Service-Oriented Architecture (SOA) is an approach to software design that establishes distributed, reusable units of software functionality, known as software services, as the foundation for computing. These services aren't designed around one specific business scenario or process but, rather, are engineered to perform generic business tasks, such as the scheduling, rescheduling, and canceling of an appointment. Such generic functionality enables services to be used and reused by other software services, applications, and/or humans within a single business domain and across multiple business domains.

Service-Oriented Architecture diagram

SOA & Software Services

SOA provides guidelines for decomposing monolithic, legacy software applications into reusable, distributed software modules, known as software services. These services can be used and reused by service-oriented applications both within one business domain and across several business domains.

  • A monolithic, legacy software application.
  • With the help of SOA guidelines, the legacy application is decomposed into units of software functionality, or software services.
  • Software services as autonomous, distributed components.
  • The software services can then be linked to four distinct, service-oriented applications.
  • The four applications using the software services derived from the legacy application in
    Box 1.

As the design principles facilitating the development of reusable services, SOA stipulates that services be highly modular, decoupled, platform independent, and standards compliant in design. Additionally, SOA calls for framework mechanisms that can identify, categorize, provision, and monitor services.

Through these principles, SOA effectively enables developers to realize service-oriented computing environments—environments that reduce the development time and maintenance requirements for applications and allow computing functionality to be added, adjusted, and combined in an efficient and effective manner.

Research Area(s)

  • Service design and implementation concepts, with an emphasis on service abstraction, autonomy, reusability, and composability.

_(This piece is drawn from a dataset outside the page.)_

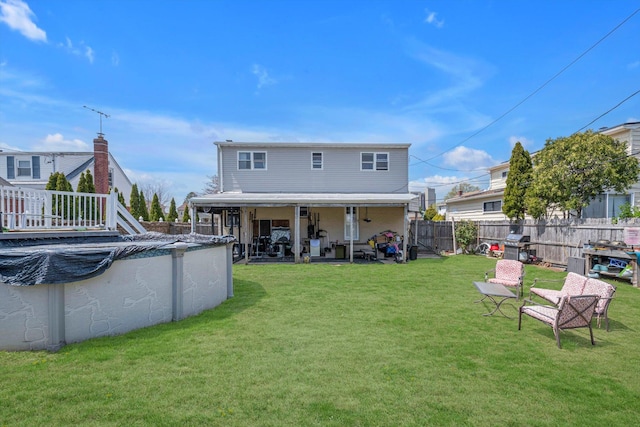 rear view of property featuring a fenced in pool, a fenced backyard, a patio area, and a yard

  • Enterprise Service Bus (ESB) design and implementation concepts as well as performance optimization strategies. Emphasis on routing, protocol transformation, message transformation, message enhancement, service mapping, message processing, transaction management, and access control and security.

  • Service Discovery mechanisms, including service registry and service repository facilities. Emphasis on semantic search and discovery capabilities.

  • Intelligent Mediator Services involving agents and rules engines.

  • Business Process Management (BPM) as well as process choreography and orchestration.